Nebraska lawmakers advanced a bill Monday aimed at giving parents a bigger say in what schools can teach their children, while a more controversial measure on the same subject remains waiting in the wings. 

The Legislature’s Education Committee voted 7-0 in an executive session to advance LB71 to the first of three rounds of floor debate. Sen. Justin Wayne of Omaha was present but did not vote.

LB71, introduced by committee member Sen. Rita Sanders of Bellevue, would require that public schools disclose instructional materials to parents and allow parents to request that their child be excused from certain lessons or activities. The bill is co-sponsored by four fellow Republican lawmakers on the committee — Sens.
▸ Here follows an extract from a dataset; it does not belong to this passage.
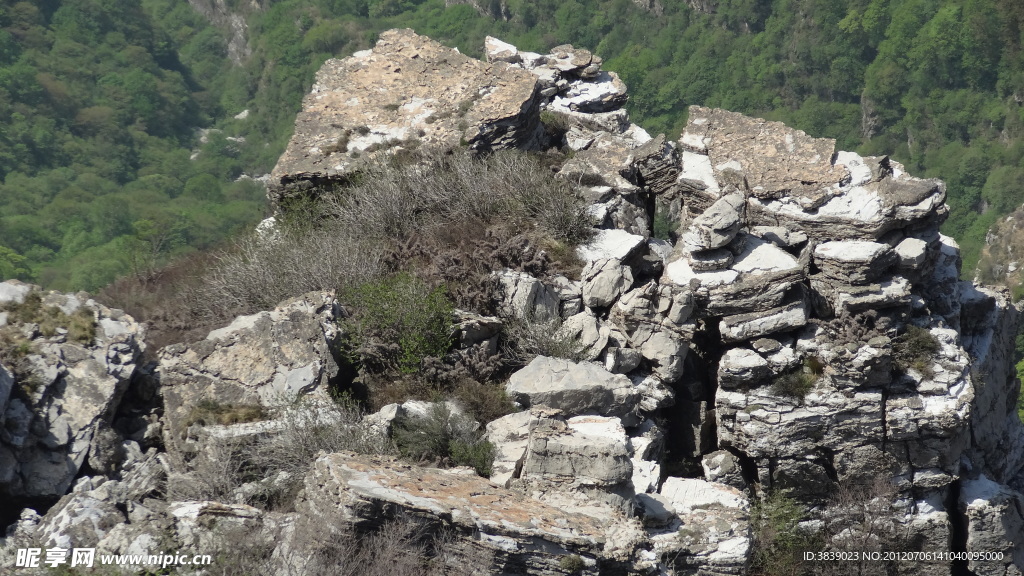 白石山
Joni Albrecht, Tom Briese, Lou Ann Linehan and Dave Murman. 

Murman has introduced a similar bill (LB374), which he described as a more comprehensive version of LB71. Dubbed the “Parents’ Bill of Rights and Academic Transparency Act,” LB374 would give parents access to review all learning materials their school uses, and give parents an opportunity to object and withdraw their students from lessons or activities in which materials are used that conflict with the “parent’s firmly held beliefs, values, or principles.”
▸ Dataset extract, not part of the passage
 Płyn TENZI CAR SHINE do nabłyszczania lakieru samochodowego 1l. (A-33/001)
Though he voted to advance LB71, Murman said that doesn’t mean he has given up on his bill. He said the committee is still in discussions, and LB374 could possibly be merged with another measure that is being considered as one of the Education Committee’s priority bills this session. 

The bill that advanced Monday does not touch on several subjects in LB374, including language that critics have argued is related to the nationwide debate on critical race theory.
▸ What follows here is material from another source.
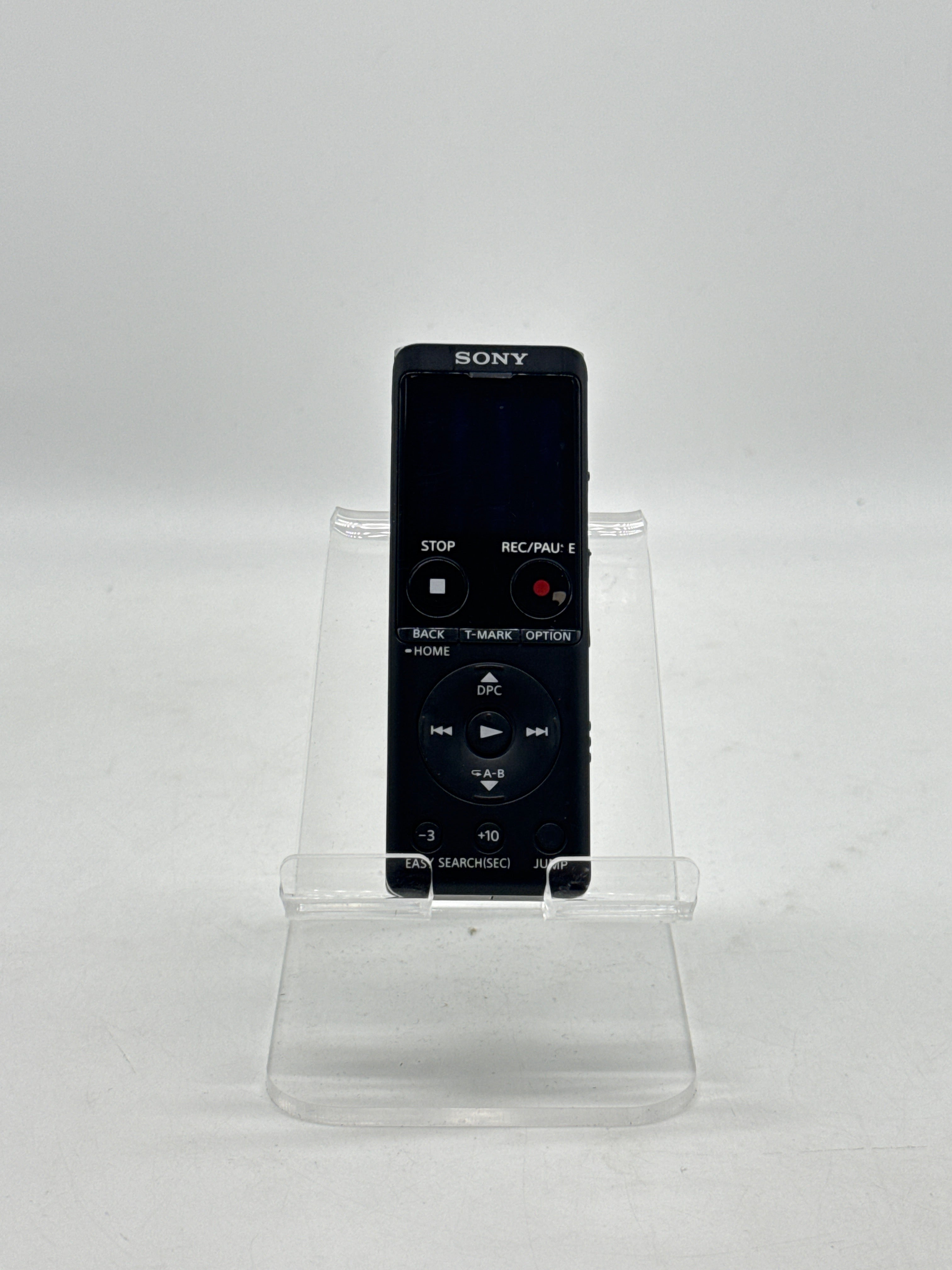Sony ICD-UX570 Voice Recorder Black Used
Murman denied that claim at the public hearing on his bill in January. Still, LB374 would prohibit instruction that promotes that members of a specific race are “inherently inferior or superior,” or “bear collective guilt and are inherently responsible for actions committed in the past by other members of the same race.”

LB374 also would ban what Murman described as “data mining,” which he said refers to school surveys and questionnaires that ask personal questions, such as requesting students define their sexual orientation or gender identity.

If a school is found to violate the regulations set in LB71, it could affect the school’s accreditation. In comparison, LB374 would allow a parent, student or teacher to sue the school if they believe it has violated the bill’s regulations. Murman’s bill also would let parents submit a complaint to the Nebraska Department of Education if the school refuses to remove library content parents deem inappropriate.

Before she voted in support of advancing LB71, Sen. Danielle Conrad of Lincoln clarified that a collection of minor amendments Murman introduced on the bill were meant as a protective tool against a potential filibuster, and not a “Trojan horse” to add his LB374 to the legislation. 

Other bills that advanced out of the committee Monday were: LB222, which would prohibit state colleges from inquiring about a prospective student’s criminal history or juvenile record as part of their admissions process; and LB455, which would appropriate roughly $1.1 million for a grant program aimed at creating and distributing a children’s periodical for classroom use.